Setelah menghabiskan hari-harinya mencari sang bapak, ‘Aku’ akhirnya diberitahu dua orang opas bahawa bapak si ‘Aku’ telah dikirim ke penjara Sungai Durian—tak jauh di luar pusat kota. Di sana ia yang sebelumnya berstatus kuli kontrak, diturunkan statusnya menjadi orang rantai.

‘Aku’, ataupun para opas, tak menyinggung soal pengadilan atau semacamnya. Bapak si ‘Aku’, tiba-tiba saja dihukum jadi orang rantai–pembunuh berdarah dingin. ‘Aku’ yang tak sanggup menerima kenyataan itu, hanya bisa berkata tidak. Bagaimana nasib Mak-nya ketika menghadapi kenyataan yang sama, tidak kita ketahui.

Kita hanya bisa membayangkan, keluarga kecil kelas pekerja itu hancur sudah. Keluarga yang curahan kerjanya jadi salah satu penopang perkembangan kota tambang itu, kini tak ada lagi artinya. Kita bisa bayangkan, di negeri yang jauh dari tanah kelahirannya, mereka tak tentu lagi nasibnya kini.

***

Dalam cerpen ini sebetulnya ada dua ‘Aku’. Bagian awal cerpen ini, dimulai dengan mimpi berturut-turut si ‘Aku’ dari masa kini tentang sepasang bapak-anak yang berdiri kaku di samping rel yang ujungnya tak terlihat, samar-samar, tertutup kabut.
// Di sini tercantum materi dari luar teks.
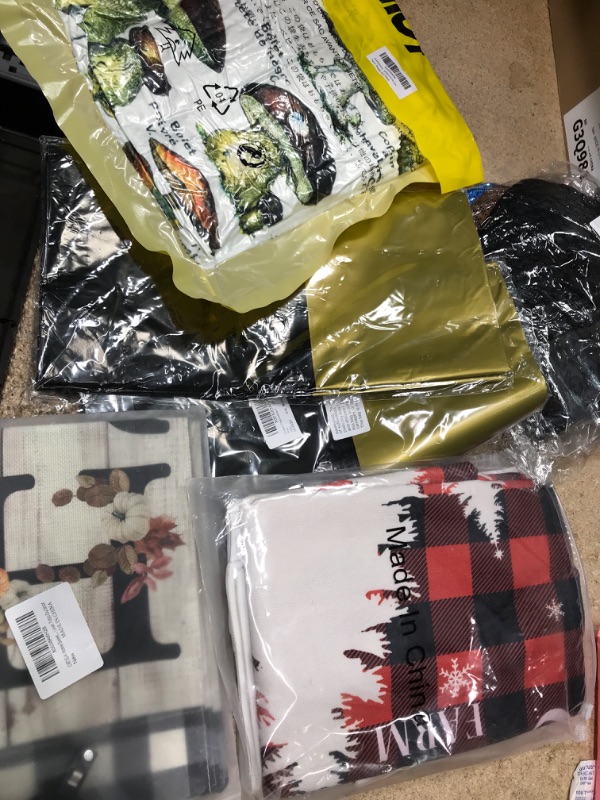 Photo 1 of 6 piece assorted bundle of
Di masa kini itu, ‘Aku’ adalah murid sebuah sekolah dasar yang penuh kegelisahan. Ia kerap bermimpi tentang sepasang bapak-anak dan rel kereta api tanpa ujung itu. Tak hanya saat tidur pada malam hari ia mengalami pengalaman serupa. Di dalam kelas sekalipun, di tengah siang pekak, ia sering mengalami semacam kondisi trance, di mana ia masuk ke mimpi atau dimasuki penampakan  sekelebat bayangan tentang bapak-anak yang berdiri kaku di samping rel kereta api tanpa ujung.

Di tengah kondisi trance itu, ia tak hanya bermimpi tentang sepasang bapak-anak, tapi juga mendengar suara-suara aneh. Suara-suara yang entah datang dari mana itu, kerap meneror telinganya dengan tudingan-tudingan: “kau orang rantai, “orang rantai kau rupanya”, “rantai dia!”

Guru matematikanya, yang tentu saja mengajarkan matematika, di mata dan pikiran ‘Aku’ tampak seperti orang yang tengah membaca puisi, sebuah puisi yang berkisah soal orang rantai  dan sejarah Sawahlunto. ‘Aku’ yang selalu gelisah itu, akhirnya didudukkan di bangku paling belakang agar tidak mengganggu siswa lainnya yang duduk tenang bagai patung dengan kedua tangan terlipat rapi di atas meja.

Saat sadar dari kondisi trance, si ‘Aku’ di masa kini kerap mendapati memar bekas lecutan rotan di sekujur tubuhnya. Di lehernya, kalung rantai yang berat itu, meninggalkan bekas. Ia merasakan semua itu sebagai siksaan. Meski ia masih ragu, apakah ia tengah bermimpi, atau malah bermimpi dalam mimpi, begitu terbangun ia akan memanggil ‘bapak’ secara spontan.

***

Apa yang menarik dari cerpen ini ialah cara pandang Pinto Anugrah atas sejarah kelam yang dialami kaum pekerja tambang di Sawahlunto. Dalam cerpen ini, kita sesungguhnya tak bisa membedakan masa lalu dengan masa kini. Apa yang terjadi di Sawahlunto pada masa lalu kolonial, masih berlanjut hingga hari ini. Ini menyiratkan bahwa kolonialisme masih berlanjut di Sawahlunto, meski hadir dengan wajah yang berbeda dengan korban-korban ‘baru’ pula.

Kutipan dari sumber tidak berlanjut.